Packing for the first deputation trip

Last year I would have told you I am no expert on traveling with little ones.  I would still say that I am not an expert, but being a missionary on deputation has afforded me lots of practice!  We are gone every weekend and many weeks in between.  Next year we will be gone for several months at a time.

When we began this journey I asked several missionary friends for suggestions.  Many of their tips have been lifesavers as we travel the country with four little people.  Some areas are still being tweaked to find out what works best.  These are a few of my tips for traveling with toddlers…

Travel Tips for Tots jpg

1.  Keep Your Routine – even when away from home. I know that it is not always possible, but stick to what is “normal” as much as possible.  Observe the same nap times.  Eat the same foods.  Keep the same bedtime routine.

2.  Bring Favorite Items. There are enough “strange” things on any trip – a different bed, a new house or hotel room, and possibly a different climate.  Try to keep some things the same. Liberty is attached to her blanket.  We bring it on every trip.  Elaine and Nolan are older and have lots of favorite “friends”, so they have to select one friend to bring in the car.  We also bring a couple of family favorites for bedtime stories.  This gives the kids something familiar in an unfamiliar environment.

3.  Switch Things Up. We have several different entertainment items to keep the kids happy in the car.  But we try to keep them varied so that the kids don’t get bored of any one thing.  We use a DVD player, books on CD, reading chapter books aloud (I love my Kindle because it takes up so little space), independent playtime (with items from their backpack), family games such as “I Spy”, Bible stories from Daddy, singing, and nap time.  We do one thing for a little while, and then move on to another.  During nap time they can't hold any toys and they have to close their eyes and stop speaking.  They almost always fall asleep.

My bigger kids are allowed to pack their own little backpacks, but I limit the number of toys.  I usually let them have “five small toys”.  They usually pick things like zoo animals, Little People, etc. and play make believe in their car seats.  I have found that crayons/markers/stickers are not good in the car for little people.  I spend most of my trip retrieving them from the floor.  For drawing, Magna Doodles work great!

 4.  Travel at Night.
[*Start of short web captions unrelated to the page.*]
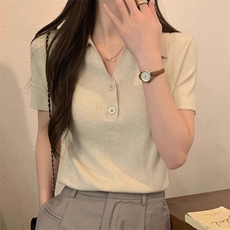 纯色常规款纯欲风赛罗棉刺绣T恤夏季小众翻领v领t恤显瘦针织短款，女装T恤，朝辰羊绒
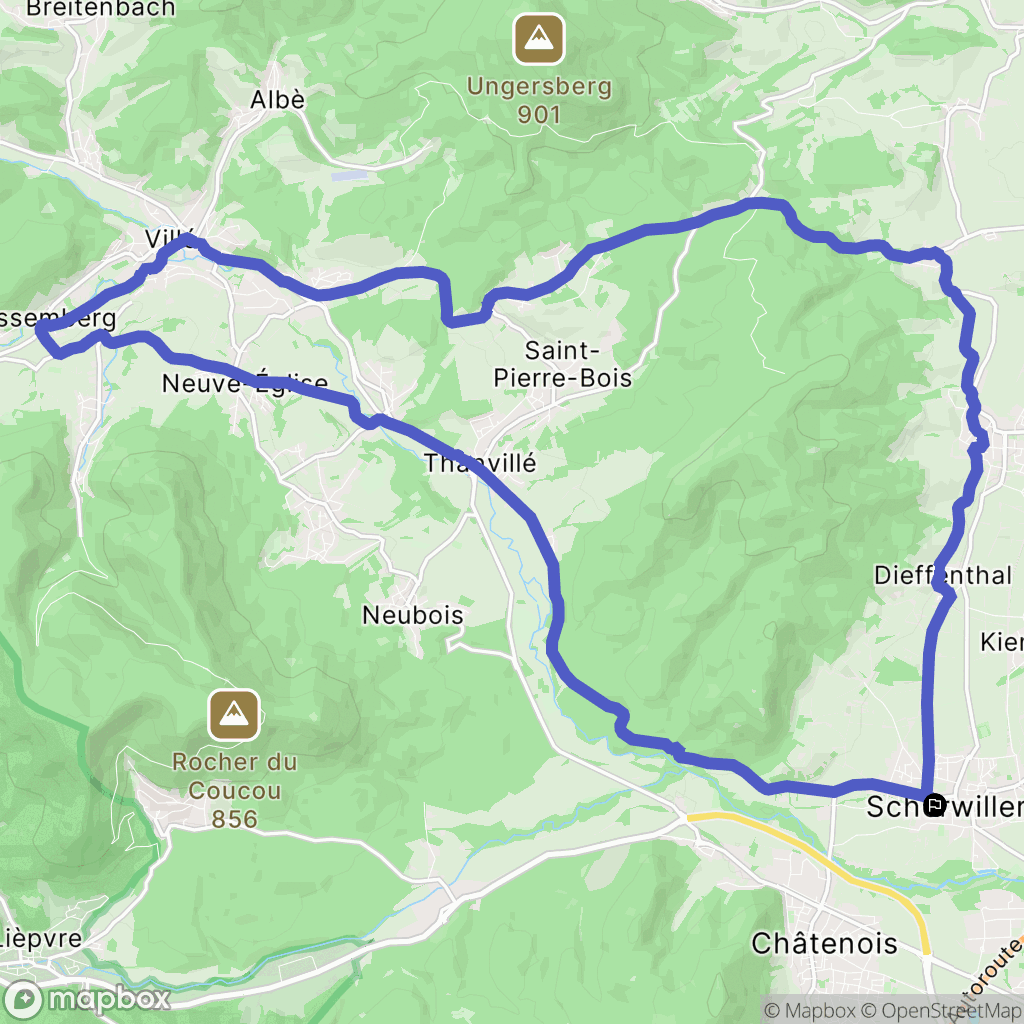 Scherwiller : carte du parcours de randonnée - France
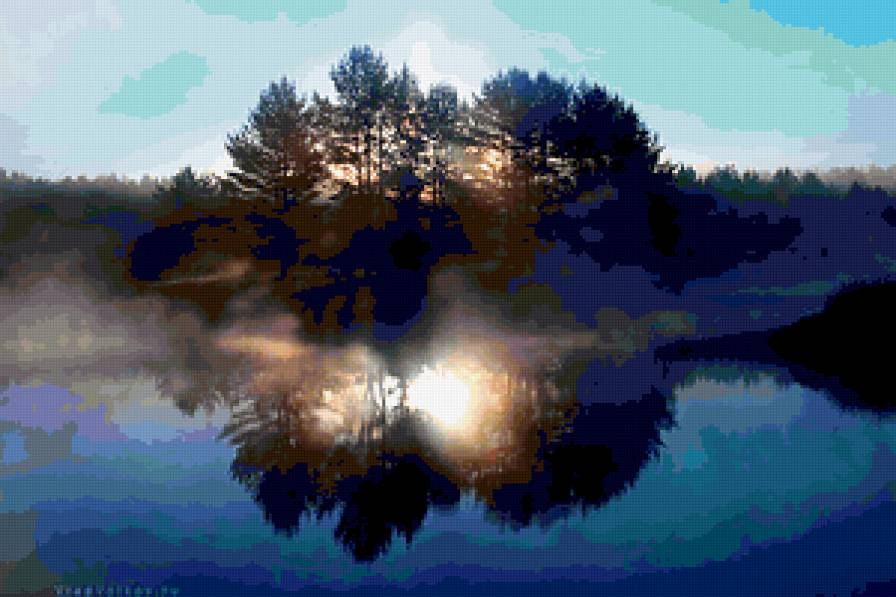 рассветт на озере - рассвет, деревья, озеро - предпросмотр
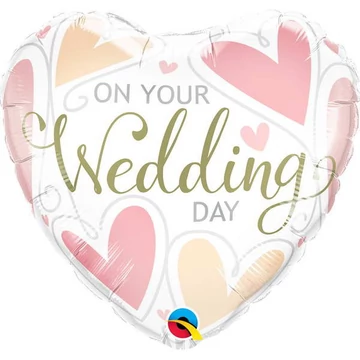 18 inch-es On Your Wedding Day Hearts Esküvői Szív Fólia Lufi 18 inch-es On Your Wedding Day Hearts Esküvői Szív Fólia Lufi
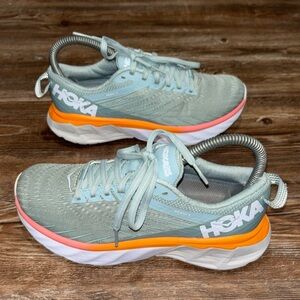 Hoka Women's Gray and Orange Running Shoes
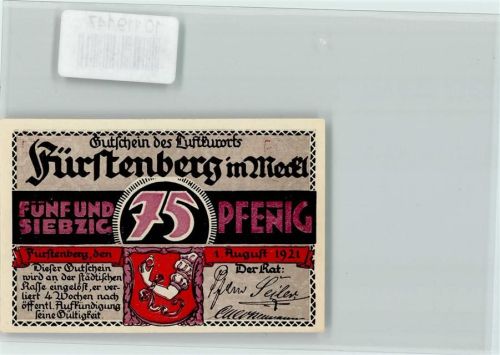 Fürstenberg Notgeld 75 Pf. Sanatorium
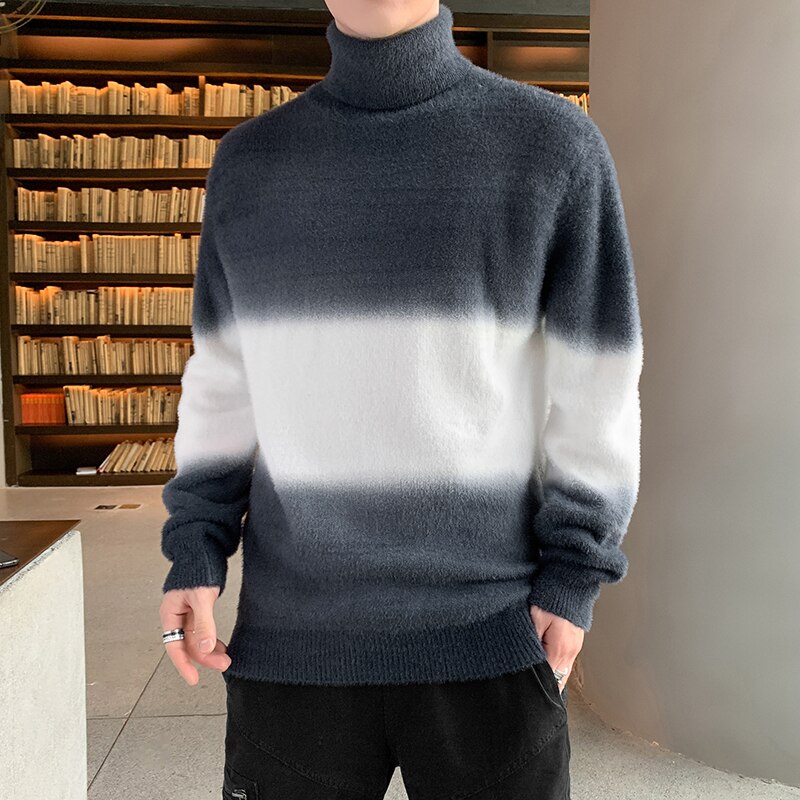Winter hoge hals dikke warme trui heren coltrui merk heren truien slim fit pullover heren breigoed heren dubbele kraag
It may be helpful to travel at night when your little people will naturally sleep.  You don't have to plan as many stops, so the traveling goes faster.  We have done it several times for very long trips.  It is hard on Mom & Dad the next day, though!

5.  Stop frequently. We stop about every three hours, and usually for an hour.  By the time we change diapers, take a potty break, eat lunch, and let the kids run off the wiggles, it is usually an hour.  But then the kids are much more content  to get back into the car.  We have found it very helpful to pack a lunch and stop at a park, playground, or rest stop to eat.  This gives us fresh air and more room for the kids to run around, and it’s much easier on our wallet!

 

Packed & Ready

 

Packing Tips:

1.  Pack Light. Almost everywhere we go there is a washing machine.  I usually pack three days of clothes, and then wash.  This means less stuff to load and unload into the car, and it is also less items to keep track of at the home/hotel where we are staying.  For a family of six we can travel with only two suitcases, a bag of shoes, and a family toiletry bag.  It means less to get ready, too.  I can have us all packed in about two hours or less!
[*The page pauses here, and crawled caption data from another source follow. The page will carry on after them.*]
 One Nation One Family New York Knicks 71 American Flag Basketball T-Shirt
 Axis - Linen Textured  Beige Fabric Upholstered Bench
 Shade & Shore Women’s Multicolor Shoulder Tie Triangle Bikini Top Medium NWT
2.  Prepare for Accidents. We have two kiddos in diapers, and one potty training.  I keep an extra outfit and socks in the diaper bag for these kids.  That way if there is an accident on the road, we don’t have to unload the whole suitcase.

3.  Stay Organized. I bring along a laundry bag to set up in our destination home.  This keeps the suitcase organized.  I pack the “little” stuff for each person in a Ziploc bag with their name on it.  All undies, socks, ties, belts, hair bows, etc. go into that person's bag to stay organized.  I bring a mesh laundry bag to put dirty socks into, so that they are not lost in the dirty laundry.  When you’re only packing for three days, it’s hard to lose a pair of socks!

4.  Pack a Community Bag. Since there are six in our family, we have found a “community bag” to be helpful.  All of our shoes go into one bag.  This keeps dirt out of the suitcases and makes it easy to keep track of everyone’s shoes.  We also have a family toiletry bag.  All toiletry items for the whole family go into one bag, and then there is only one bag in the destination bathroom, instead of six individual bags.  This makes it easier to be sure we have everything packed, too.  I can easily glance through the toiletry bag to know we have all the necessary items, and my husband knows he only has to worry about loading one bag into the van.

 

Do you travel often?  What do you do to make it fun instead of stressful?

Pretty Frosted Glass Door

Our house is quite old, and there are a whole lot of things about it that are definitely less than perfect.  But we are so thankful for it, and we're doing the best that we have with what we've got.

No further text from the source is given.